The model itself absorbs what would have been the STT, LLM TTFT, and TTS TTFA layers. This is the architectural win.

The price you pay: you are bound to the speech-to-speech vendor's voice options, their model behavior, and their pricing model. The classical pipeline keeps each layer swappable; speech-to-speech does not. For applications where the latency improvement materially changes the UX (real-time multilingual interpretation, gaming dialogue, certain accessibility uses), speech-to-speech is worth the lock-in. For most phone-based voice agents, the classical pipeline at 600 milliseconds is still the default.

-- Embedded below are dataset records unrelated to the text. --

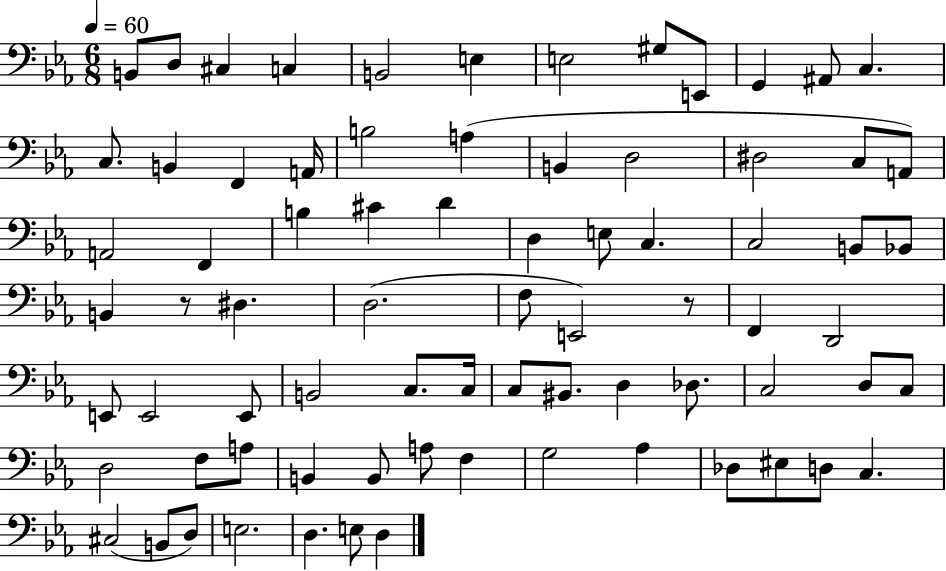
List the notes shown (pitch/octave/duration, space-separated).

B2/e D3/e C#3/q C3/q B2/h E3/q E3/h G#3/e E2/e G2/q A#2/e C3/q. C3/e. B2/q F2/q A2/s B3/h A3/q B2/q D3/h D#3/h C3/e A2/e A2/h F2/q B3/q C#4/q D4/q D3/q E3/e C3/q. C3/h B2/e Bb2/e B2/q R/e D#3/q. D3/h. F3/e E2/h R/e F2/q D2/h E2/e E2/h E2/e B2/h C3/e. C3/s C3/e BIS2/e. D3/q Db3/e. C3/h D3/e C3/e D3/h F3/e A3/e B2/q B2/e A3/e F3/q G3/h Ab3/q Db3/e EIS3/e D3/e C3/q. C#3/h B2/e D3/e E3/h. D3/q. E3/e D3/q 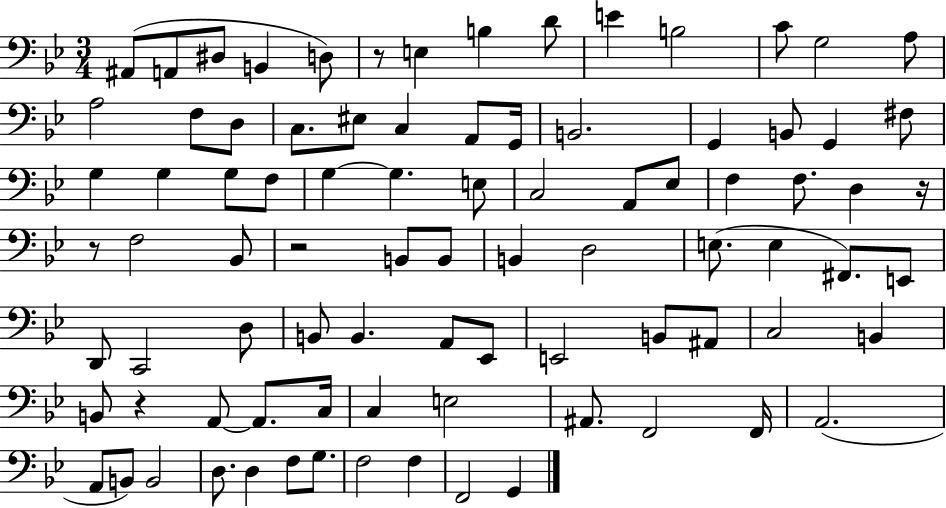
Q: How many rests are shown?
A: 5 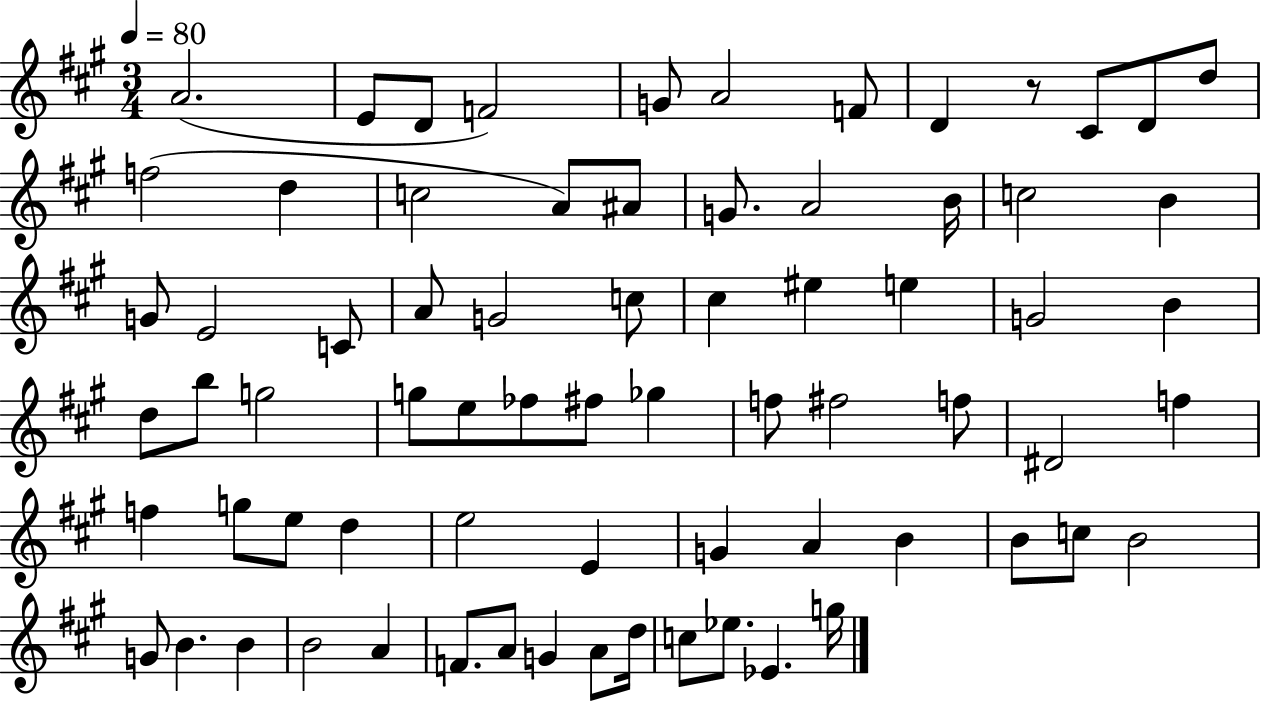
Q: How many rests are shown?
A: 1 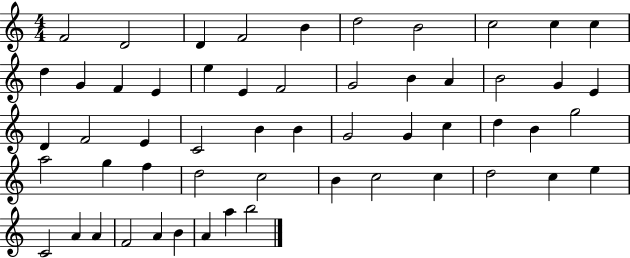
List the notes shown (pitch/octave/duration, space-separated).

F4/h D4/h D4/q F4/h B4/q D5/h B4/h C5/h C5/q C5/q D5/q G4/q F4/q E4/q E5/q E4/q F4/h G4/h B4/q A4/q B4/h G4/q E4/q D4/q F4/h E4/q C4/h B4/q B4/q G4/h G4/q C5/q D5/q B4/q G5/h A5/h G5/q F5/q D5/h C5/h B4/q C5/h C5/q D5/h C5/q E5/q C4/h A4/q A4/q F4/h A4/q B4/q A4/q A5/q B5/h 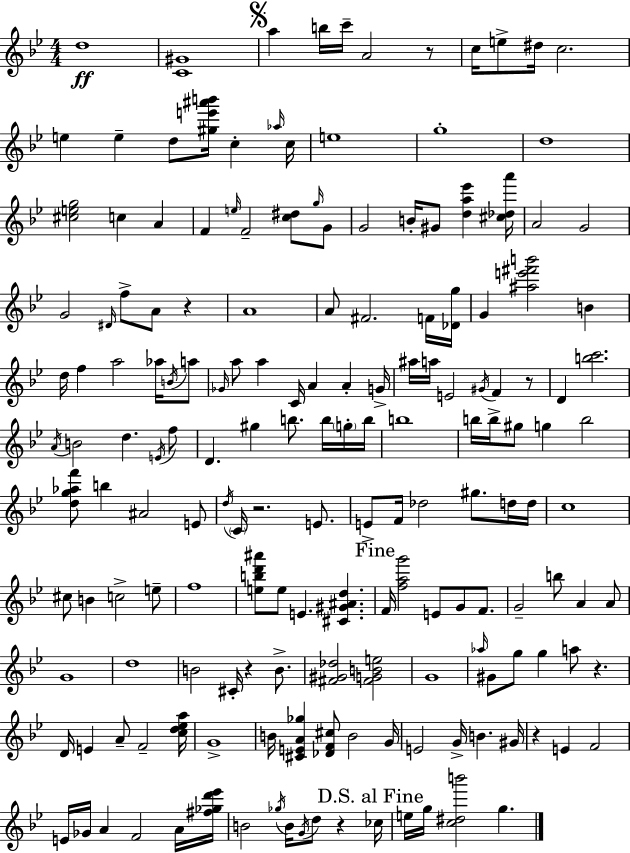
D5/w [C4,G#4]/w A5/q B5/s C6/s A4/h R/e C5/s E5/e D#5/s C5/h. E5/q E5/q D5/e [G#5,E6,A#6,B6]/s C5/q Ab5/s C5/s E5/w G5/w D5/w [C#5,E5,G5]/h C5/q A4/q F4/q E5/s F4/h [C5,D#5]/e G5/s G4/e G4/h B4/s G#4/e [D5,A5,Eb6]/q [C#5,Db5,A6]/s A4/h G4/h G4/h D#4/s F5/e A4/e R/q A4/w A4/e F#4/h. F4/s [Db4,G5]/s G4/q [A#5,E6,F#6,B6]/h B4/q D5/s F5/q A5/h Ab5/s B4/s A5/e Gb4/s A5/e A5/q C4/s A4/q A4/q G4/s A#5/s A5/s E4/h G#4/s F4/q R/e D4/q [B5,C6]/h. A4/s B4/h D5/q. E4/s F5/e D4/q. G#5/q B5/e. B5/s G5/s B5/s B5/w B5/s B5/s G#5/e G5/q B5/h [D5,G5,Ab5,F6]/e B5/q A#4/h E4/e D5/s C4/s R/h. E4/e. E4/e F4/s Db5/h G#5/e. D5/s D5/s C5/w C#5/e B4/q C5/h E5/e F5/w [E5,B5,D6,A#6]/e E5/e E4/q. [C#4,G#4,A#4,D5]/q. F4/s [F5,A5,G6]/h E4/e G4/e F4/e. G4/h B5/e A4/q A4/e G4/w D5/w B4/h C#4/s R/q B4/e. [F#4,G#4,Db5]/h [F#4,G4,B4,E5]/h G4/w Ab5/s G#4/e G5/e G5/q A5/e R/q. D4/s E4/q A4/e F4/h [C5,D5,Eb5,A5]/s G4/w B4/s [C#4,E4,A4,Gb5]/q [Db4,F4,C#5]/e B4/h G4/s E4/h G4/s B4/q. G#4/s R/q E4/q F4/h E4/s Gb4/s A4/q F4/h A4/s [F#5,Gb5,D6,Eb6]/s B4/h Gb5/s B4/s G4/s D5/e R/q CES5/s E5/s G5/s [C5,D#5,B6]/h G5/q.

What does not actually help

Three optimizations that look like they should help and mostly do not:

  • Streaming partial transcripts to the LLM before VAD fires. Tempting because you save the VAD wait, but in practice the LLM produces low-quality responses when fed unfinished user input. The few teams that ship this end up reverting it.
  • Pre-generating common responses. Looks clever, breaks the moment the user says anything unexpected, and produces a brittle experience.
  • Squeezing the network layer. The network budget is already small. Optimization effort there has diminishing returns.

The wins are where the budget is fat: VAD, LLM TTFT, and (if you have not already done it) prompt caching. The wins are not where the budget is already thin.

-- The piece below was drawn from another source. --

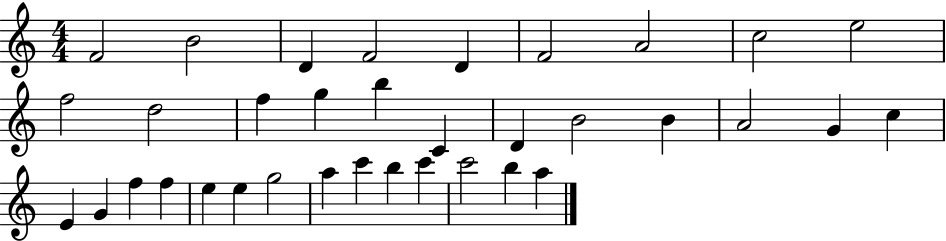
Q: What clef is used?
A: treble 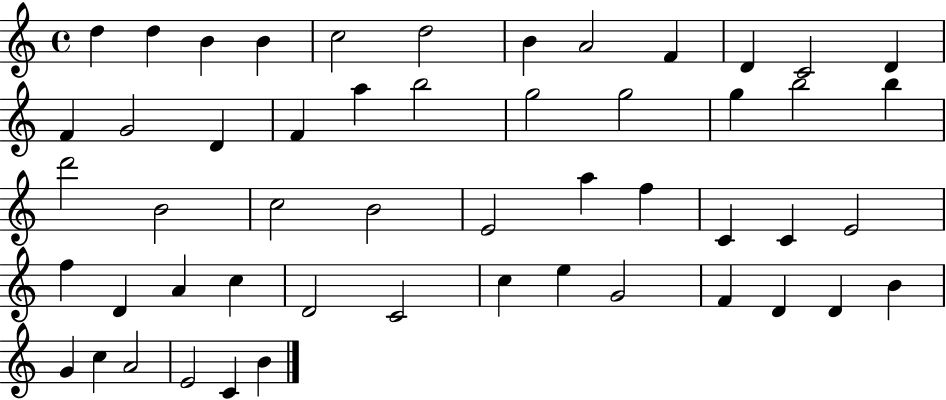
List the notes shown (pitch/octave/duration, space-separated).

D5/q D5/q B4/q B4/q C5/h D5/h B4/q A4/h F4/q D4/q C4/h D4/q F4/q G4/h D4/q F4/q A5/q B5/h G5/h G5/h G5/q B5/h B5/q D6/h B4/h C5/h B4/h E4/h A5/q F5/q C4/q C4/q E4/h F5/q D4/q A4/q C5/q D4/h C4/h C5/q E5/q G4/h F4/q D4/q D4/q B4/q G4/q C5/q A4/h E4/h C4/q B4/q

The cost-of-latency trade-off

A specific note worth flagging: there is a real cost-versus-latency curve at the LLM layer.

  • A frontier model with reasoning enabled: highest quality, 2 to 10 seconds TTFT, unusable for live voice.
  • A frontier model without reasoning: high quality, 400 to 800 milliseconds TTFT, on the edge of acceptable.
  • A mid-tier model: very good quality, 200 to 400 milliseconds TTFT, comfortable.
  • A small-tier model: good-enough quality for conversational use, 100 to 250 milliseconds TTFT, fast.

Most production voice agents in 2026 default to mid-tier or small-tier models for the conversational LLM, and reserve frontier models for specific complex tools (an explicit "let me check the policy on that" step) where a 3-second pause is acceptable. The "use the biggest model for everything" instinct from chat does not transfer to voice.